# Problem
Output all entries exactly as they appear and skip the pictures.

(Records drawn from a dataset)
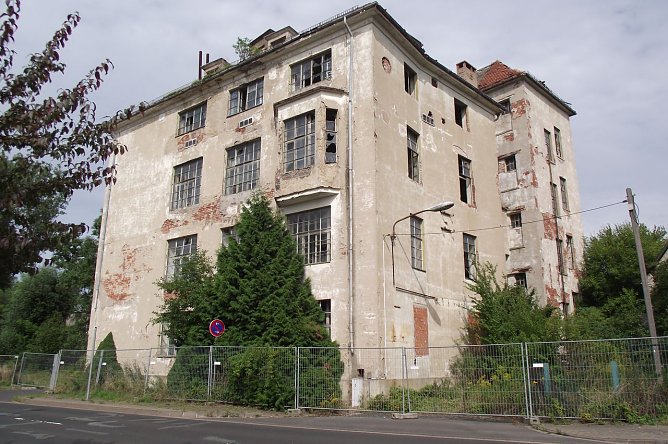Ruine: ehemalige Kaffeerösterei (Foto: Kurt Frank) Ruine: ehemalige Kaffeerösterei (Foto: Kurt Frank)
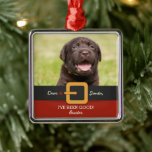 Ornamento De Metal Papais noeis de Natal engraçados Foto e nome perso<br><div class="desc">Celebre seu cachorro e a época de férias com este adorável ornamento de árvore de Natal com a foto do seu cachorro posicionada acima do cinto de Papais noeis e do terno vermelho. Adicione o seu texto personalizado e o nome do cão para personalizar. Uma vitória de férias que será...</div>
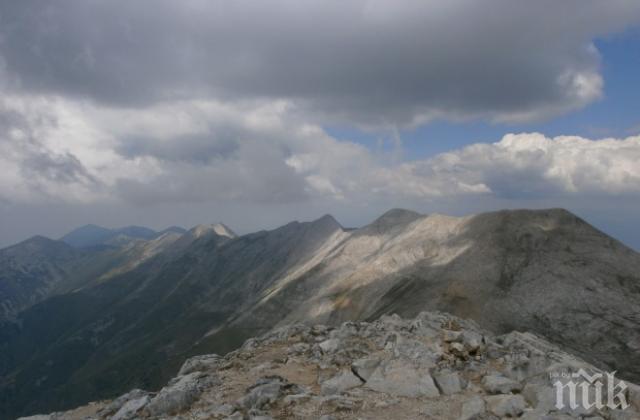 Нов модерен заслон сменя стария на Кончето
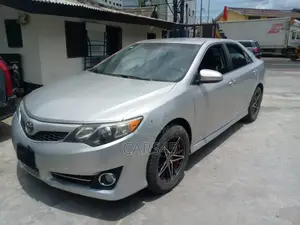 Toyota Camry 2013 Silver
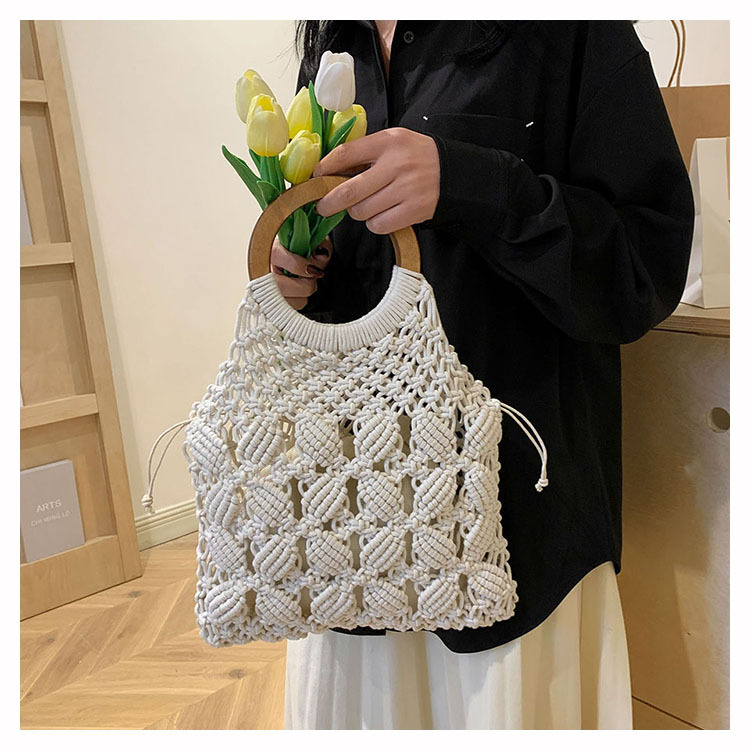 Women's Medium Fabric Solid Color Basic Classic Style Weave Hollow Open Straw Bag display picture 11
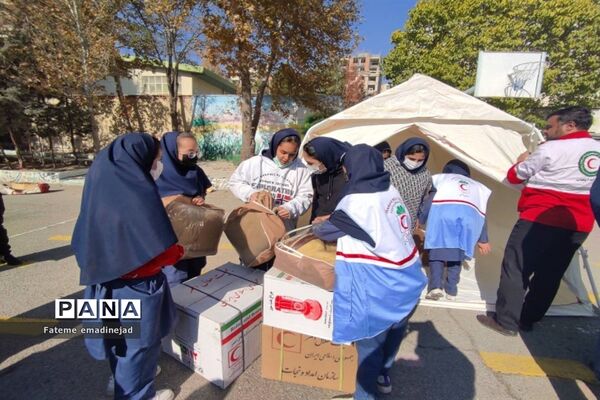 برگزاری مانور آموزشی و عملیاتی اسکان پس از زلزله در مدرسه  تربیت رودهن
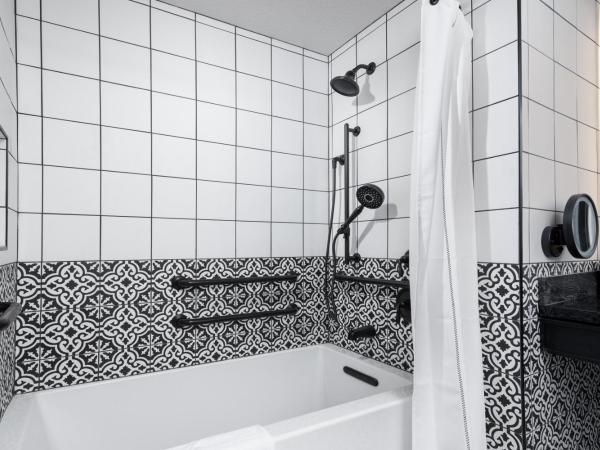 Silverton Casino Lodge - Newly Renovated : photo 3 de la chambre lodge 2 queens beds ada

# Reply
Ruine: ehemalige Kaffeerösterei (Foto: Kurt Frank) Ruine: ehemalige Kaffeerösterei (Foto: Kurt Frank)
 Ornamento De Metal Papais noeis de Natal engraçados Foto e nome perso<br><div class="desc">Celebre seu cachorro e a época de férias com este adorável ornamento de árvore de Natal com a foto do seu cachorro posicionada acima do cinto de Papais noeis e do terno vermelho. Adicione o seu texto personalizado e o nome do cão para personalizar. Uma vitória de férias que será...</div>
 Нов модерен заслон сменя стария на Кончето
 Toyota Camry 2013 Silver
 Women's Medium Fabric Solid Color Basic Classic Style Weave Hollow Open Straw Bag display picture 11
 برگزاری مانور آموزشی و عملیاتی اسکان پس از زلزله در مدرسه  تربیت رودهن
 Silverton Casino Lodge - Newly Renovated : photo 3 de la chambre lodge 2 queens beds ada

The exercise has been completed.